What to produce » Every line of the records that holds the word "going" should be copied.

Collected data
::::

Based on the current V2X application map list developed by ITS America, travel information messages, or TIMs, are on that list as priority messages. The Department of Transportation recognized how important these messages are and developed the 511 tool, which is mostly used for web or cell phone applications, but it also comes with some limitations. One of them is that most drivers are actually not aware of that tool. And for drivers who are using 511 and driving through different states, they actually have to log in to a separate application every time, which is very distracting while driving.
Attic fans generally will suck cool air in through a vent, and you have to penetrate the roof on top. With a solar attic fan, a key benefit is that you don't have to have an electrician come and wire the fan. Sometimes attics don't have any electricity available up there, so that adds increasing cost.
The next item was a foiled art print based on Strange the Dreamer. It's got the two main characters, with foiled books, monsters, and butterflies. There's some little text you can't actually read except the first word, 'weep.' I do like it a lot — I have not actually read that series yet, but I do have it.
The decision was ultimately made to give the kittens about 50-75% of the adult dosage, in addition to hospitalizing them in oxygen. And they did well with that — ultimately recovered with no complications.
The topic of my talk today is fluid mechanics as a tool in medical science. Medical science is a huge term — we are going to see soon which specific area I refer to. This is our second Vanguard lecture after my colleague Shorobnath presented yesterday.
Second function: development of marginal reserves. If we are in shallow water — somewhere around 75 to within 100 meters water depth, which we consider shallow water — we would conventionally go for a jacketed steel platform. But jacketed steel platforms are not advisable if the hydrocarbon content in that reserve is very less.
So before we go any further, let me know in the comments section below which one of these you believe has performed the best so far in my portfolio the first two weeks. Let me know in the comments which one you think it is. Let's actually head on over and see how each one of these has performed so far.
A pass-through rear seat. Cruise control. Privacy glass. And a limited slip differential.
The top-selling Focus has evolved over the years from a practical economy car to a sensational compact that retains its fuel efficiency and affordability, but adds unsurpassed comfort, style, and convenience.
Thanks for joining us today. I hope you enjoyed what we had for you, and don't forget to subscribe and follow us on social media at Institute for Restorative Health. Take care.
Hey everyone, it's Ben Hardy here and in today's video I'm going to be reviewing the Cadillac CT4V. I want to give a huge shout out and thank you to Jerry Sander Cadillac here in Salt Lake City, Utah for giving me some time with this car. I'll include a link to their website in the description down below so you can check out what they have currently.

::::

Task solution »
The topic of my talk today is fluid mechanics as a tool in medical science. Medical science is a huge term — we are going to see soon which specific area I refer to. This is our second Vanguard lecture after my colleague Shorobnath presented yesterday.
Hey everyone, it's Ben Hardy here and in today's video I'm going to be reviewing the Cadillac CT4V. I want to give a huge shout out and thank you to Jerry Sander Cadillac here in Salt Lake City, Utah for giving me some time with this car. I'll include a link to their website in the description down below so you can check out what they have currently.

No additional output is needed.